Thirty-two of the 150 lots offered in artnet.com’s recent auction of Icons: Modern and Contemporary found buyers. The sale netted $107,700, including the ten percent buyers’ premium.
George Grosz’s pen and India ink drawing “Strasse, Berlin” (1917) garnered the highest price by far at $18,700, including premium. The buyer, “hross” of New York, captured the piece at the very end of the auction, which ran from to November 30, on the lower end of its estimate of $1822,000.
Grosz was known for his caricatures and “his wit in depicting figures and landscapes that suggest a wry and subversive treatment of social order and authority,” according to the auction catalog. He created this 17-by-13.5 inch work depicting his hometown while or immediately after serving in the German forces in World War I. Before emigrating to the United States in 1933, he “was frequently prosecuted for insulting public morals and for blasphemy.”
Only two other pieces in this sale drew more than $5,000, before premium: Andy Warhol’s color silkscreen “$” (1982), selling for $6,300, and Marc Chagall’s color lithograph “XXe Siecle” (1963) for $5,500.
The Warhol, purchased by another New York buyer (“tonyu”), fairly straightforwardly depicts what its name indicates, a dollar sign, but it is placed on a purple background and appears colored in with Day-Glo orange crayon: What better icon for the 1980s? The catalog notes that each screenprint of this image is unique.
The Chagall, “splashed with brilliant color and populated with the citizens of Chagall’s artistic world: lovers, horses and birds, all in a joyous landscape,” is a limited edition from a print that originally appeared in a Paris art magazine.

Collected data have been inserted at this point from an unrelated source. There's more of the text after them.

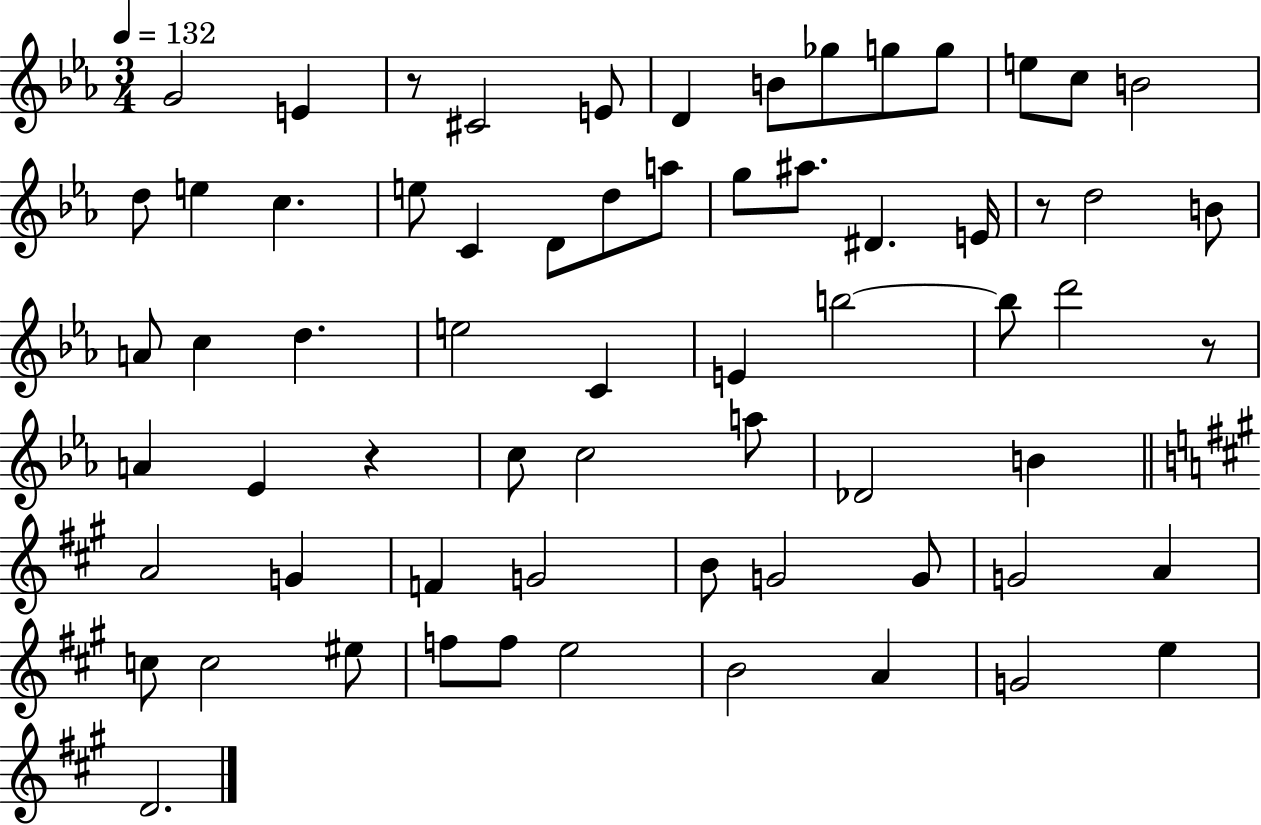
X:1
T:Untitled
M:3/4
L:1/4
K:Eb
G2 E z/2 ^C2 E/2 D B/2 _g/2 g/2 g/2 e/2 c/2 B2 d/2 e c e/2 C D/2 d/2 a/2 g/2 ^a/2 ^D E/4 z/2 d2 B/2 A/2 c d e2 C E b2 b/2 d'2 z/2 A _E z c/2 c2 a/2 _D2 B A2 G F G2 B/2 G2 G/2 G2 A c/2 c2 ^e/2 f/2 f/2 e2 B2 A G2 e D2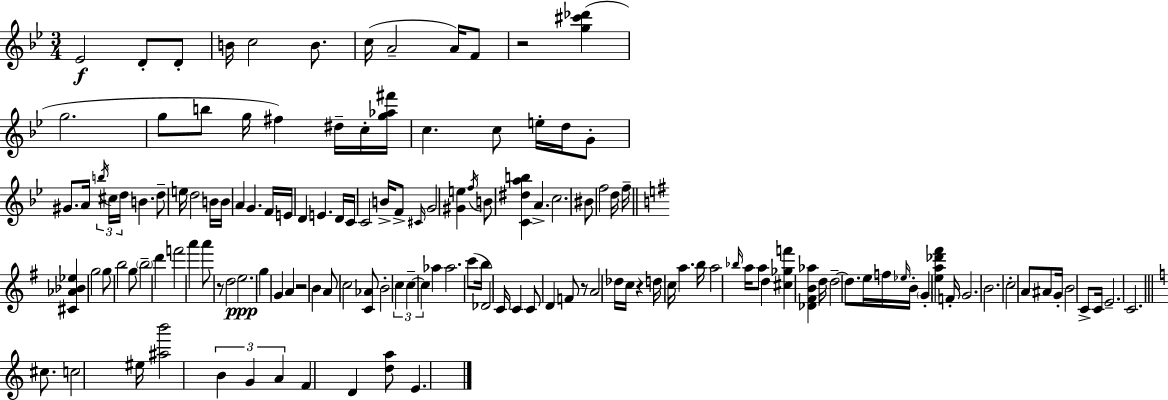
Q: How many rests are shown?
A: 5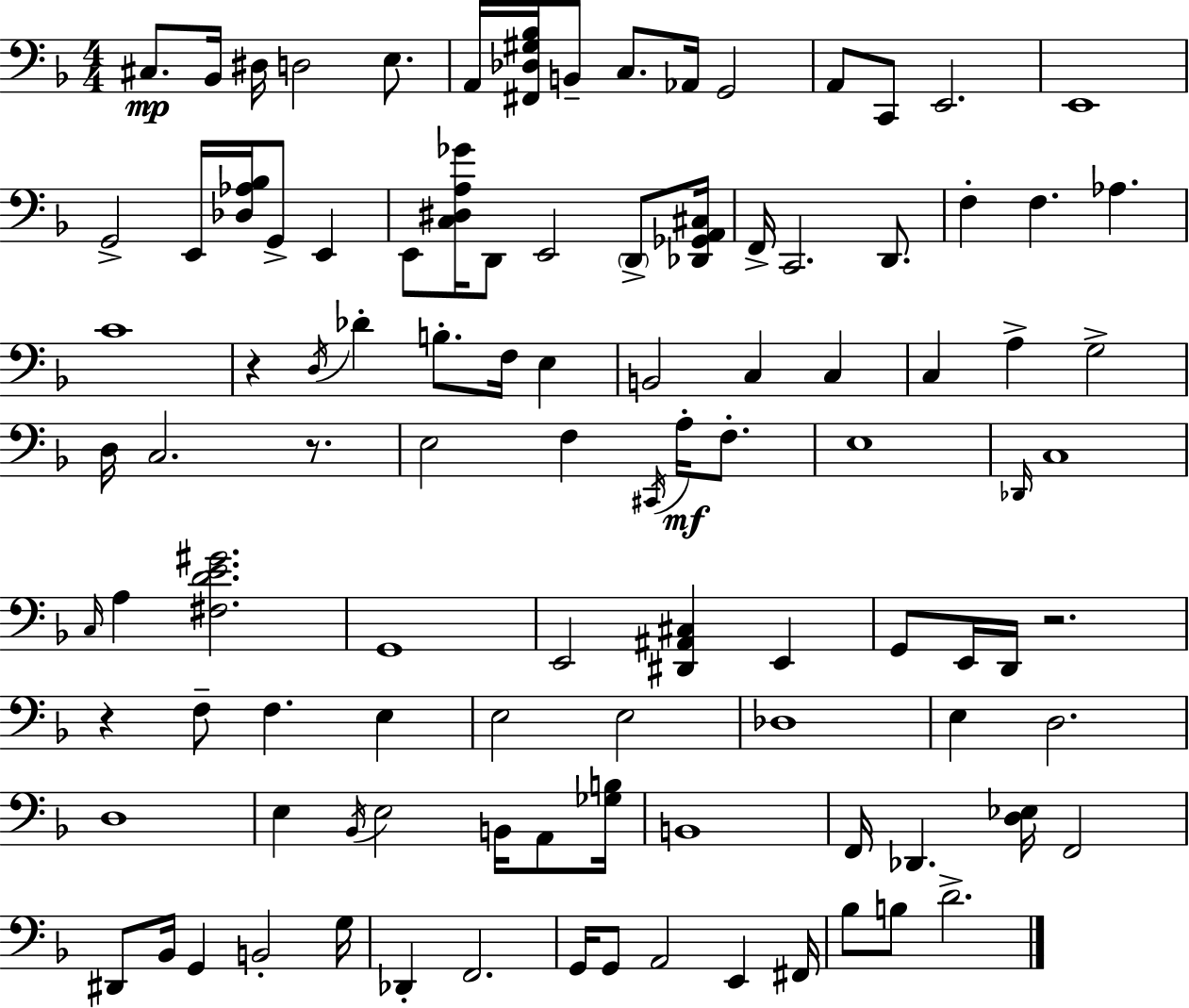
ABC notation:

It was sold to a Florida buyer.
Selling for $5,000 each, before premium, the next two highest lots were David Hockney’s color lithograph “pool made with paper and blue ink for book” (1980) and Roy Lichtenstein’s color silkscreen landscape “Untitled” (1996).
The Hockney must have been a welcome sight in winter for its Michigan buyer, “twodogsdancing.” Measuring just 10.5 by nine inches, it came with the special edition book “Paper Pools.” Although Hockney is known for his pool images, according to the auction catalog, he produced relatively few of them.
Measuring perhaps smaller than the typical Lichtenstein, 24 by 33 inches, “Untitled” was won by “oakswb,” a bidder from Florida. It appears to be a beach scene, with a setting sun and invitingly placed tree – perhaps a parody of a travel brochure for its new owner’s home state.